Efficient Primal Heuristics for Mixed Binary Quadratic Programs Using Suboptimal Rounding Guidance

Mixed Binary Quadratic Programs (MBQPs) are a class of NP-hard problems that arise in a wide range of applications, including finance, machine learning, and chemical and energy systems. Large-scale MBQPs are challenging to solve with exact algorithms due to the combinatorial search space and nonlinearity. Primal heuristics have been developed to quickly identify high-quality solutions to challenging combinatorial optimization problems. In this paper, we propose an extension for two well-established rounding-based primal heuristics, RENS and Undercover. Instead of using the optimal solution to a relaxation for variable rounding and search as in RENS, we use a suboptimal relaxation solution of the MBQP as the basis for rounding and guidance for searching over a restricted subproblem where a certain percentage of binary variables are free. We apply a similar idea to the Undercover heuristic that fixes a variable cover to the rounded relaxation values.
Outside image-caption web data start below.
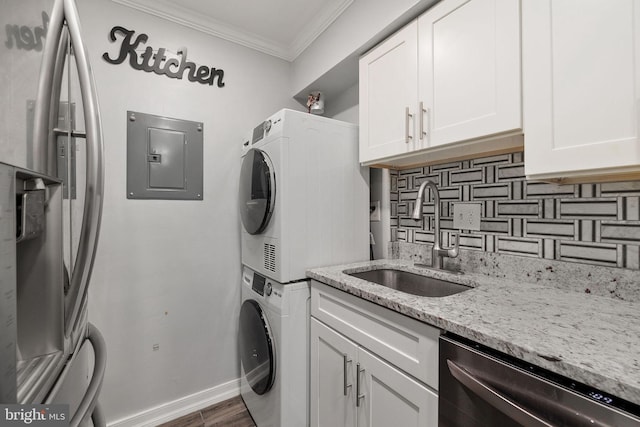 laundry area featuring sink, dark wood-type flooring, cabinets, stacked washer and dryer, and ornamental molding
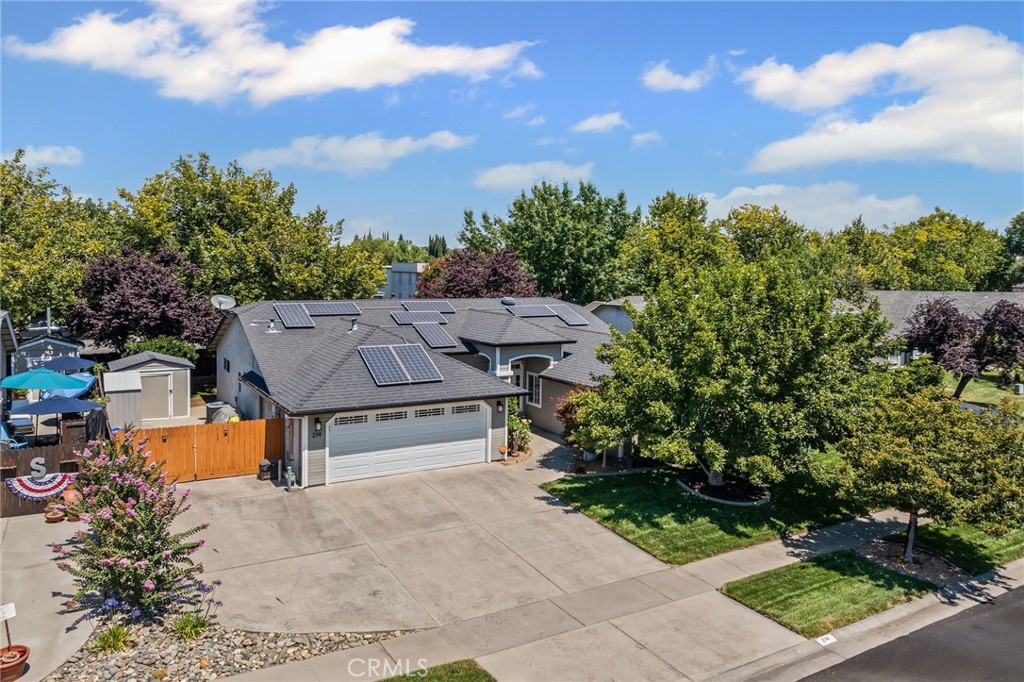 This home is a total gem—and it shows! Lovingly cared for by just one owner, it’s got that perfect mix of style, comfort, and “wow, they really thought of everything!” The kitchen is a dream, with seamless quartz counters that look like flowing art, shiny newer Samsung stainless appliances, and pull-outs in almost every cabinet. Say goodbye to the back-of-the-cupboard shuffle! There are handy built-ins in the living room and bedrooms that give you that neat and tidy vibe. The spacious primary suite boasts high ceilings with a walk-in closet providing seasonal storage for easy wardrobe transitions. Many of the big-ticket items are already handled. Newer HVAC, a 50-year comp roof with decades still to go, a 3-year-old owned solar power system, a smart thermostat and a security system, because this house is as clever as it is cozy. Let’s talk garage goals: epoxy floors that are ridiculously easy to clean, sleek built-in cabinets, and a utility sink for all your projects, big or small. The backyard is a little slice of paradise, with mature landscaping, a shady aluminum gazebo and an in-ground koi pond with a fountain—basically your own Zen retreat. And for bonus points you’ve got fenced RV parking with electrical hookups. Bring the adventure home! This place isn’t just move-in ready—it’s move-in-and-never-want-to-leave ready.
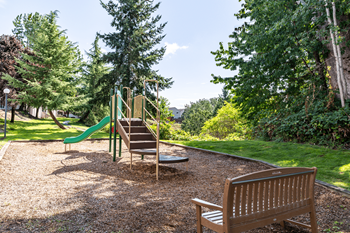 A playground with a green slide and a wooden bench.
Instead, we relax a subset of the cover variables based on the suboptimal relaxation and search over a larger restricted subproblem. We evaluate our proposed methods on synthetic MBQP benchmarks and real-world wind farm layout optimization problem instances. The results show that our proposed heuristics identify high-quality solutions within a small time limit and significantly reduce the primal gap and primal integral compared to RENS, Undercover, and solvers with additional primal heuristics integrated inside Branch-and-Bound.